You might try originating the peninsula from the east wall and making it shorter. It will give you more space near the door for popping up into the room.
I had no idea my demension were off so bad, geeeezus!
I'm using Anyrail for the first time, and I just figured out how to enable the size and gride demensions. I was using Atlas RTS before.
Sooooooo, now that I have the correct demensions, with the 12" grid line enabled.
I can still fit the peninsula in there, and still maintain the curves. The Mountain loop will be 32" radius.
I even found a place to add the diesel house next to the turntable.The diesel house is three tracks, and I can just go straight through to the turntable.
Also more imporantly, I found a better spot for Cheyenne Depot Station and the train shed.
I can deal with the tight widths, I'm skinny guy.
Might work? What y'all think?
Tradeoffs can be hard.
Is the return loop important enough in your scheme of things to justify the space devoted to it? I say that as someone who has 4 turntables, 4 wyes (when the last one has track laid on it, anyway), and 2 loops on my narrowgauge, but only a single loop on my standard gauge. And the SG loop isn't used a a loop, but rather as a double-ended industrial siding now.
I do my SG turning in staging as needed and found little need for it then. Motive power gets turned from time to time by hand, mostly, along with some passenger trains.
That could be space for your Union Station.
If you're going to have a reverse loop with a bit of a tight radius (for a modern layout with longer cars) I prefer to have the turntable located in the middle of the loop as well as the station nearby. I'd put the turntable and station on the north wall and the flood loader and sand transfer facility along the south wall, and reconfigure the tracks a little.
I'll be the contrarian. That's about the size of my previous layout space (after you subtracted for having to keep the one side away from the wall because of the sloped ceiling). I had one side 2 feet wide where my yard was, the opposite wall was 18" wide, and the penninsula was planned at 18" wide, which left the aisles at 3 feet each, plenty.
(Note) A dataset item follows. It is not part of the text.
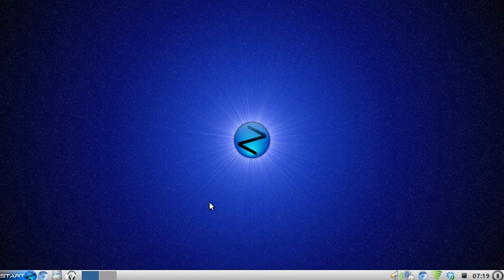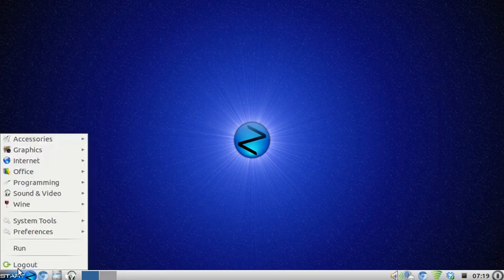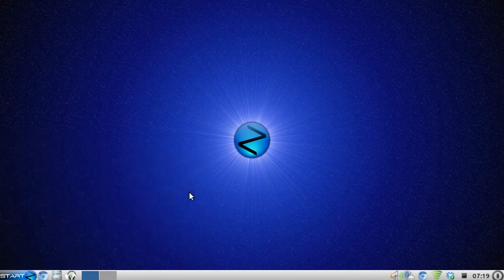Hi everybody, Linux netbook guy here and welcome to today's video. I've had a couple of requests for this already. How do you get Skype to work on Zorin OS 6.2 Lite with your netbook? It's very very easy ladies and gentlemen. Here you can see I've already got Skype installed and it works just tickity boo.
34" radius curves somewhat cramp the possibilities in a smaller space. You mnay have to cut down what you model by a great deal. A shorter length passenger terminal, with shorter trains, on the penninsula and supporting trackage around the walls, rather than trying to simulate and entire railroad. Most other switching, besides the passenger trains and RPOs would be company service cars bringing supplies to the commissary and so forth, so you'd be mostly giving up freight operation. Or take a completely different tack and cut the curves down to 26-27" and ditch the passenger trains and go freight.
My room size layout modeled a specific freight branch, somewhat in detail although all tracks were not exactly arranged as per the prototype.
Skip the peninsula in the middle and concentrate on an aorund-the-walls layout.
Your drawing is not to scale, it show one wall twice as long as other. Give us room dimentions and opening dementions.